The Optimum is a Chinese made lathe with a German design and warranty. I have a F45 mill from them with no complaints.


----------



## steamer (Sep 17, 2009)

Paolo,

What is the weight of each?

Dave


----------



## Xlmyford (Sep 18, 2009)

Hallo Paolo.
You can´t go wrong with the Optimum.It is said to be the best of the chinese made.
It is proven chinese made quality,the factory is under german management, and their customer service,actually I can only talk about the service bases in Germany, is more than excellent.They have bases all over europe.
They give two years warranty and are very generous after that.
Of course it is not a Myford or anything like that.But you can build excellent parts with that lathe,if you can.
Don´t know anything about that other lathe.
Cheers,Ralph


----------



## ariz (Sep 18, 2009)

Ceriani

it is a small, REAL lathe!

did you see that it has the ways that don't touch the headstock, to let greater diameter to be turn (like the Myford  )?

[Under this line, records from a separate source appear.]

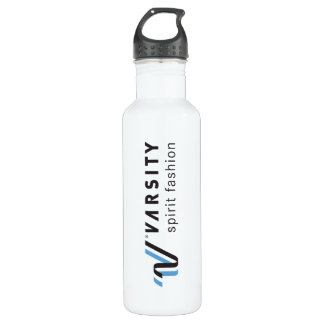 Vertikale Logo-Flasche Trinkflasche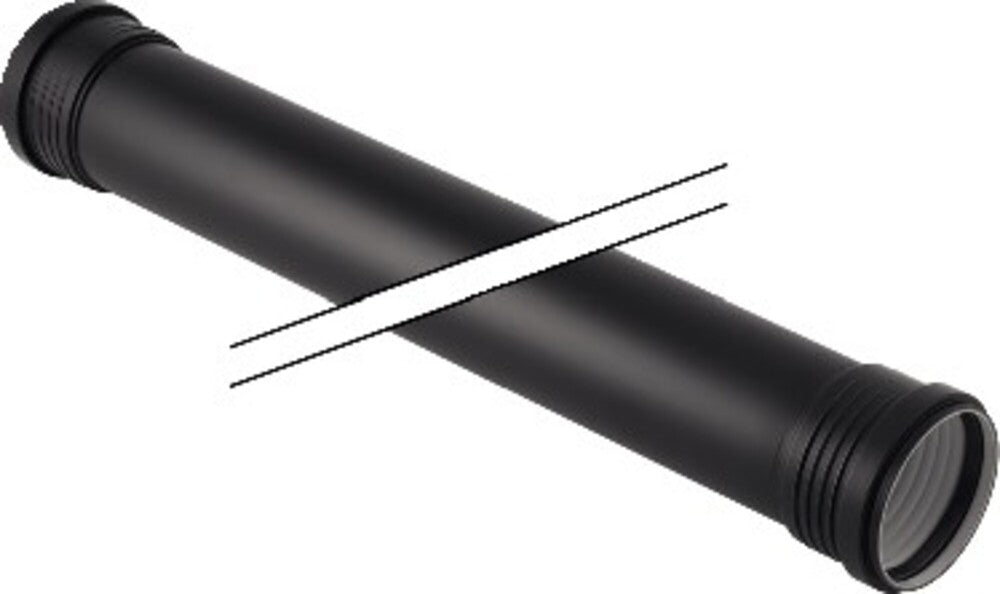 Geberit Silent-PP buis met twee moffen D32 L 1,5M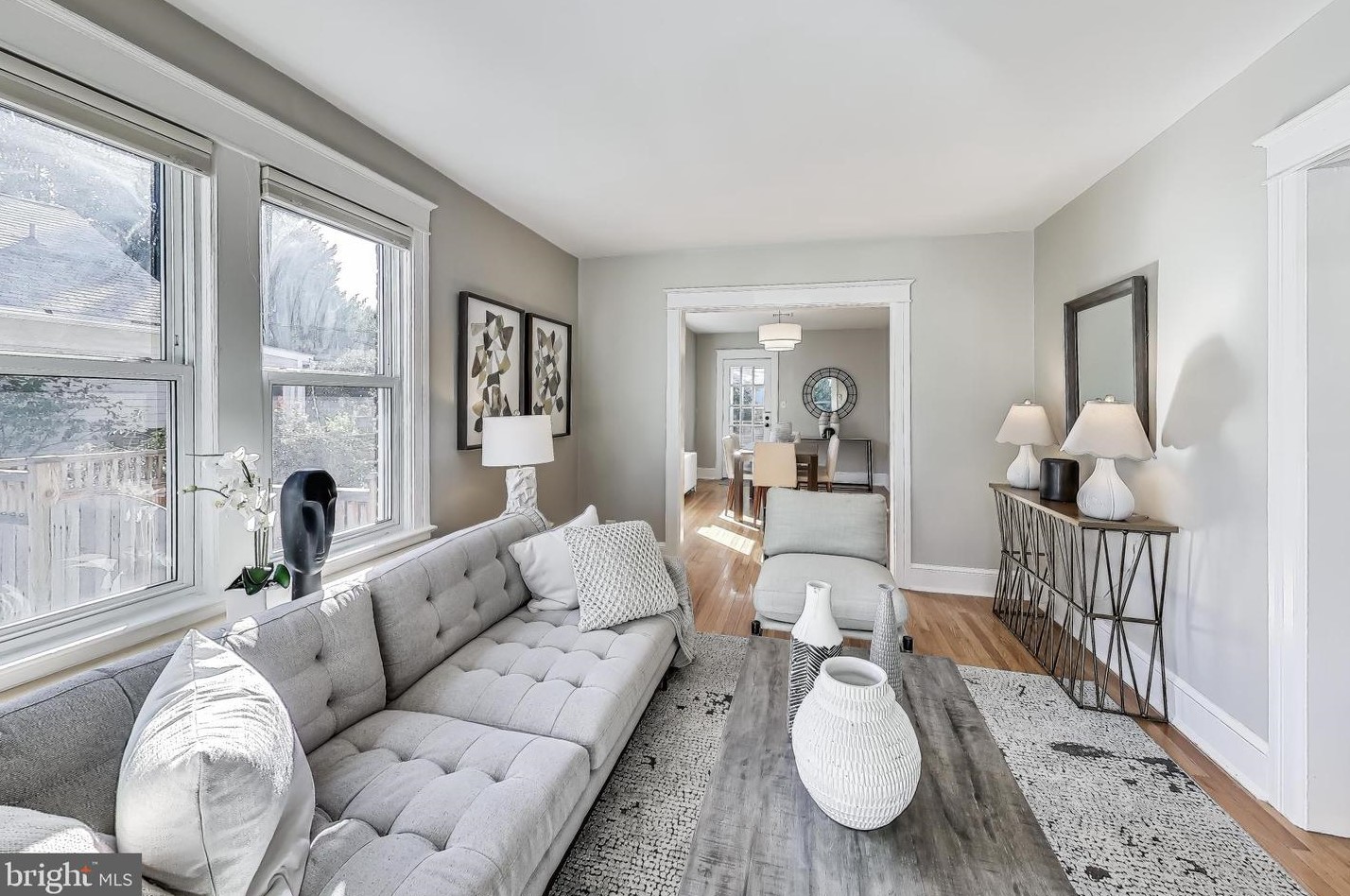 107 Custis Ave, Alexandria VA 22301-1321 exterior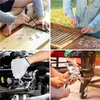 Belle Vous Schrauben und Muttern mit Unterlegscheiben und Produktbild-Vorschau 7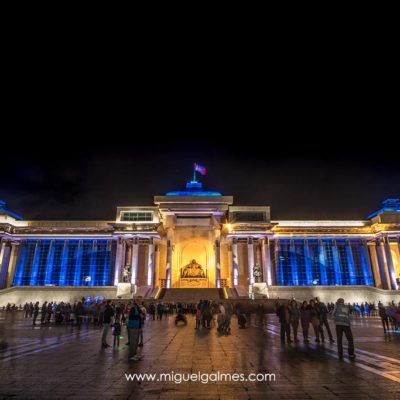 Mongolia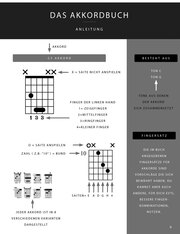 Gitarre Komplett - Das Handbuch für Konzert- und E-Gitarre - Abbildung 3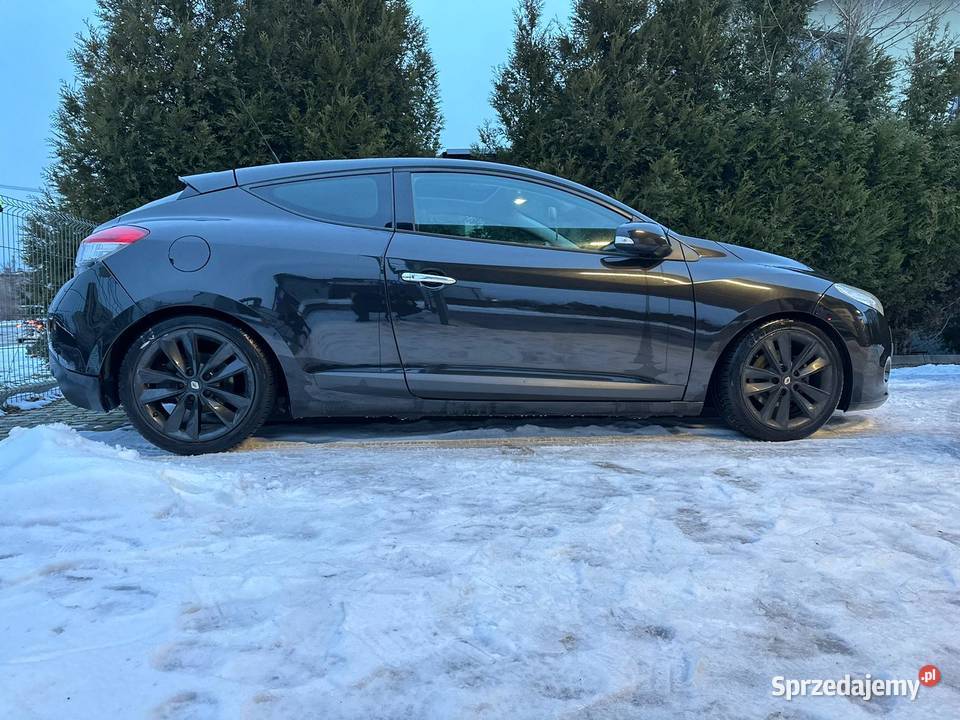 Renault Megane 3 coupe 19 130 Katowice sprzedam
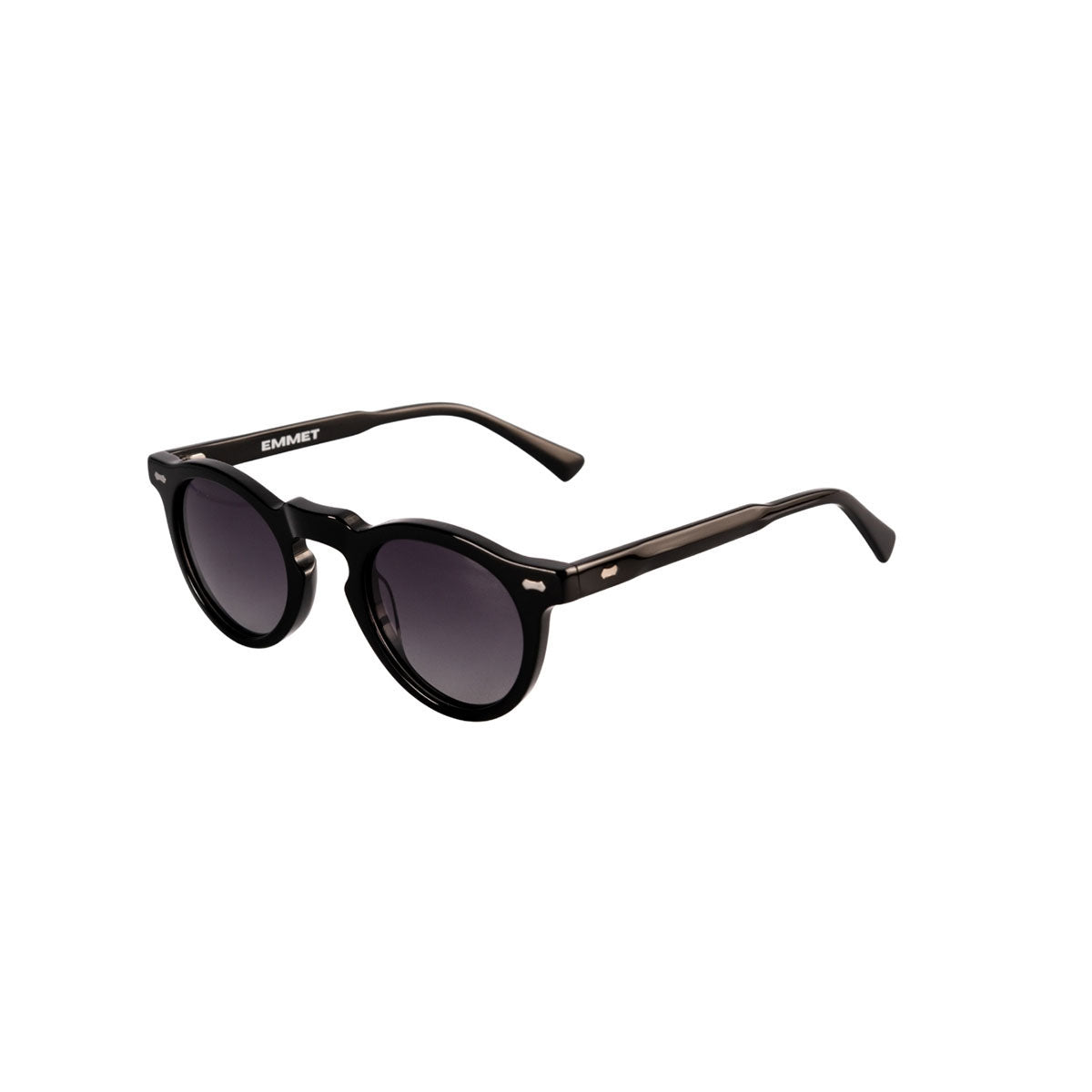 Gafas Emmet unisex Redondas Violeta Degradadas UV400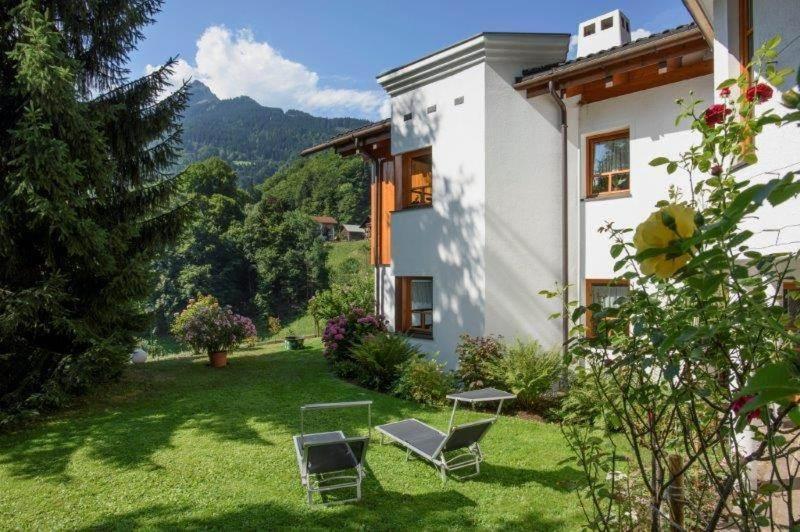 Appart-Haus Vonbank Schruns Exterior foto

it is made in Italy and the factory offers a rebuilding service when it will be worn by use


----------



## NickG (Sep 18, 2009)

I've looked at the Ceriani before on ebay and they look a real quality piece of kit, but aren't they a small fortune? I also know somebody that has a Wabeco milling machine which he says is great. I have a cheap chinese version of that and it's alright. How much are both of those?

Nick


----------



## Jasonb (Sep 18, 2009)

The Ceriani mills start around £3000GBP so I would think the latehs are around the same price. The Wabeco are in the same price range £3000GBP for a 200mm swing lathe and £5000+GBP for 280mm swing.

Jason


----------



## NickG (Sep 18, 2009)

Nice but too expensive for me! I'd go for a good second hand machine or one of the bigger chinese type ones if you've got the cash.

Nick


----------



## Paolo (Sep 18, 2009)

Hello my friends
"Alea tracta est" th_wav
..After a long trip over the web and a lots of contact with sellers and factories...I decided!!!
The winner is.........................................C E R I A N I 203 Norton "David"....My personalized version is:
MOD. DAVID 203 NORTON 
with 4 automatic longitudinal feeds and n. 30 threading leads - Semi-Norton System - Metric threading pitches from 0,5 to 2,5 - Whitworth from 11 to 40 - Module from 0,1 to 1.
Technical Data :


Height of centers mm 100 
Distance between centers mm 500 
Lathe bed mm 120 
Swing over bed mm 200 
Swing over gap mm 260 
Swing over carriage mm 120 
Width between gap edge and bedplate edge mm 60 
Spindle diameter mm 125 
Spindle hole mm 35
Passage bar mm 35
Spindle taper morse 3 
Cross slide travel mm 100 
Carriage travel mm 60 
Rotation angle of carriage 45° + 45° 
Tailstock sleeve travel mm 60 
Tailstock sleeve diameter mm 25 
Tailstock taper morse 2 
Speeds range RPM n. 7 min. 1° 100 ÷ 1800 
HP motor HP 0.75 
Overall dimensions mm 1000 x 470 x 350 
Approximate weight without base kg 80 / 85 

 The price was..reasonable.... : My wife doesn't know the real price yet! :big: :big: :big:
Thanks for supporting me.....!!


----------



## NickG (Sep 18, 2009)

Paolo ... good work! It looks like an excellent quality of machine ... I hope you keep us informed - don't tell the wife you need the milling machine to match just yet! ;D

Nick


----------



## ariz (Sep 19, 2009)

congrats on a good choice Paolo!

give us a lot of pics when it will be in your workshop


----------



## Debian (Sep 19, 2009)

So You decided for the best choice, eh? great Paolo!!! :bow:
I'm sure You'll never regret it!
Waiting with Ariz for a photograpic report, even of the BF-20, of course!

Paolo

p.s.: goditi il momento dell'attesa ;D


----------



## Blogwitch (Sep 19, 2009)

Chester UK are now importing their range.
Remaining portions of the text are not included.